Estas inquietudes se amplifican en un contexto marcado por la adopción acelerada de la inteligencia artificial. A medida que las organizaciones avanzan hacia soluciones cada vez más dependientes de la combinación entre ciberseguridad y cloud, CISPE considera que el dominio tecnológico de Google se vuelve especialmente relevante. El comunicado subraya que su posición “full stack” —infraestructura, servicios, datos y modelos de IA— refuerza una ventaja estructural “especialmente pronunciada” frente a los actores europeos.
El control de una plataforma de seguridad ampliamente desplegada en entornos multicloud es uno de los principales puntos de fricción
La asociación introduce también un factor económico de fondo: el profundo desequilibrio financiero entre los grandes grupos tecnológicos estadounidenses y los proveedores europeos. CISPE recuerda que Alphabet dispone de una capacidad de inversión “varios órdenes de magnitud superior” a la de cualquier actor europeo del cloud, una diferencia que, en su opinión, condiciona la evolución futura del mercado.
En un escenario dominado por la IA, CISPE advierte de que Google cuenta con “la escala, los datos, los modelos y la capacidad de inversión necesarios para dominar completamente el sector, expulsar a los actores europeos y bloquear a los clientes”.

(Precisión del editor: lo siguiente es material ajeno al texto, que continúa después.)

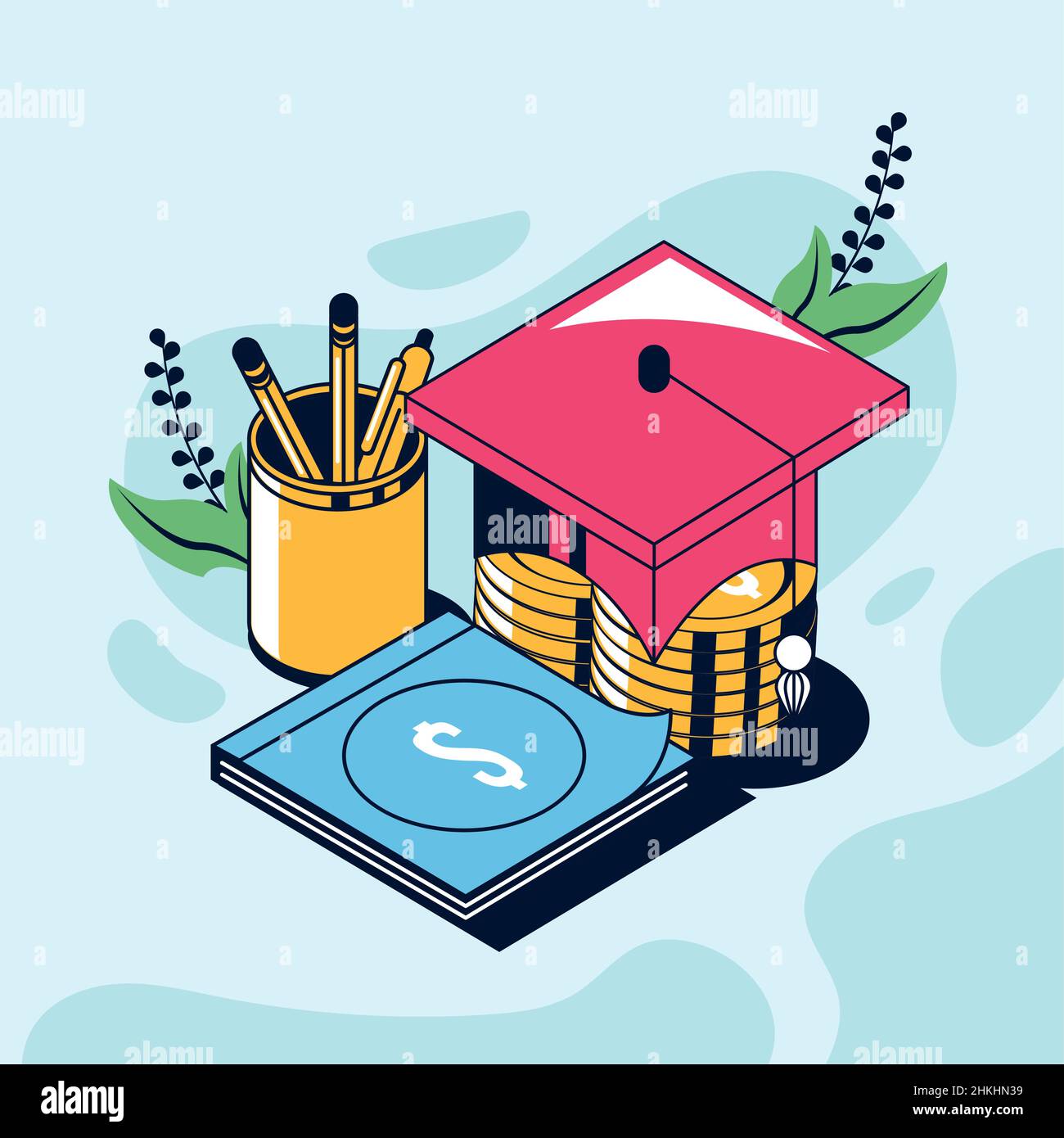 education loans with hat graduation Stock Vector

Una decisión… ¿con efecto dominó?
Lo cierto es que la resolución que adopte la Comisión Europea antes de febrero será observada no sólo por las partes implicadas, sino por el conjunto de la industria tecnológica.
Una aprobación sin condiciones podría dar pie a una nueva ola de consolidaciones en el sector, mientras que una aprobación condicionada o una investigación más profunda señalizaría que Europa está dispuesta a ser más estricta con las fusiones que puedan alterar el equilibrio competitivo, especialmente en servicios digitales estratégicos como la nube y la ciberseguridad.